And then it was morning. The alarm(s) went off at 4:45 and by 5 a.m. I rolled out of bed and smeared a whole wheat English muffin (NOT "double fiber"!) with almond butter and strawberry jam. I took this back to bed with my coffee and a banana and ate breakfast while lounging. I wanted to eat two hours before the race but didn't need to get up so early for any other reason.
I was a little confused about how to get to my starting corral--the maps made it look like I may need to walk way south and then double back, over a mile--so I planned to leave around 6 a.m. to allow plenty of time. The race started at 7:00.
I dressed in my previously pictured race outfit. A Nuu Muu running dress, Nike capris, my brand new Nathan Speed 2 fuel belt (I bought the new one in blue to go with my outfit), a black running hat and a throwaway jacket from Goodwill (which looked a whole lot like other black jackets I own). I also had my brand new Garmin--no more duct tape! (Although I'm keeping the old one, obviously, there may be some circumstances when I need two, right?)
I made as many bathroom visits as I could manage but worried a little that I wasn't purging my insides as thoroughly as I would like. Perhaps my reduction in fiber over the last couple days played a part...I was also worried that I hadn't been hydrating well enough because I didn't seem to be peeing as voluminously as I am accustomed to.
Let me say a little something about nerves. Of course I was nervous, I always am before a race. But the nature of my nervousness is a little different before a marathon than any other race. It's kind of crazy how tense and worried I can be bfore a 5K or 10K or whatever shorter race. That's pretty much based on my fear of not being able to run as fast as I want to. That worry alone will turn my stomach into knots. In a marathon, it's different. Nobody ever worries about not being able to finish a 5K, right? But in a marathon, not finishing is really the only fear.* Oh sure, there are time goals and PR dreams (more important to some people than to me), but the biggest and really only failure would be not getting through the 26.2 miles. It's still absolutely amazing to me that I can really do this.
Okay, then. I walked out of the door at a little past 6:00 and joined the group of people walking the same direction as me. It turns out that we were able to turn into the corral area sooner than I had feared, so I probably only walked a half to three quarters mile distance. I passed by Corral C and went into Corral D. There were lots of people already but they were milling about and going to the potties, not gathering to start yet. There was still probably 40 minutes to wait.
I got into a port a potty line and got in pretty quickly. then I walked over to the pacers' signs. Four-hour was at the front of the corral and I decided not to bother with him. If I was capable of running a four hour marathon I would see that in my splits pretty early on. I went to 4:10 and and asked him what pace he planned on running, 9:30? He said 9:32. Someone else asked him how many marathons he's run. He said three. That kind of made me wonder whether he had the ability to keep his pace down to a 9:30-ish level. (I am assuming his personal marathons have been much faster.) But I decided to go out near his sign and see what happened.

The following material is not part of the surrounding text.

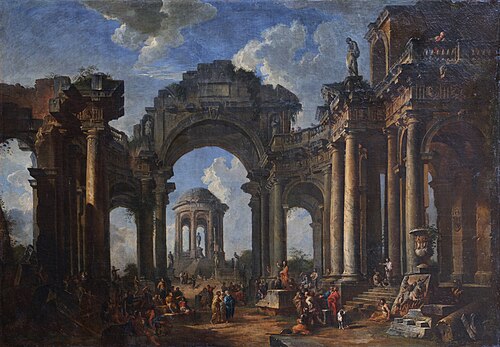 La Prédication d'un apôtre dans des ruines d'architecture d'ordre dorique, 1722, Giovanni Paolo Panini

I went back to a potty line and passed some more time there. I really didn't have anything left to squeeze out, though. In a shorter race I always do a warm-up run and that makes me really pee right before the start. I hoped that the first few miles of the marathon would not have the same effect.
Then, as we all clustered toward the starting line of our corral, it was 7 a.m. and the race was starting somewhere ahead of us. Each wave would start a few minutes after the one before, walking up toward the "real" starting line. I believe my wave (or me, anyway, crossed the start at 7:09).
As we started running over the timing mats, we were still hampered a little by the closeness of the crowd and it was hard to set a pace. I really wanted to stick with the 4:10 pacer for at least a few miles, so I followed him as he took off once the crowd opened up a little. I think he was trying to make up the pace from a slow start, plus the first mile was a little downhill. I felt like our effort was a little hard for 9:30 pace, and I wondered if I would be able to keep this up. But it turns out we were running a little fast. Mile 1 - 9:13.
We slowed down a bit in the next couple miles (a little slower than goal pace, but it would average with the first mile). The pacer guy may have been trying to even things out, or maybe it was because we were going uphill gently in these two miles. I stayed right in the pacer's vicinity here. Mile 2 - 9:37. Mile 3 - 9:47.
At that point we got to turn and go back down the other side of the uphill! I picked up my pace easily and decided to let myself pull ahead of the pacer. I was happy to get a little bit ahead of pace because I knew I would lose some time with a bathroom stop eventually. Mile 4 - 9:09. Mile 5 - 9:13 (this 9:13 felt much more natural than the first one!). As we started down the hill a guy told me to enjoy this downhill! Yes, indeed.
The next seven miles were perfectly on pace. I believe that these miles were pretty much flat. I'm sure there were slight inclines and declines in the road elevation, but nothing to interfere with a comfortable pace. This section was a long out and back along N.W. Front Street. We turned around just before the 9-mile marker. There was a band playing along the way and lots of spectators. I'm not someone who really cares that much about spectators--I'm fine with or without them--so I can't remember well what sections had lots and which had none, or few. There was one older guy, though, who I kept seeing pop up throughout the course. (I think it was the same guy.) He had a bike so it was quite possible. It was just a little weird!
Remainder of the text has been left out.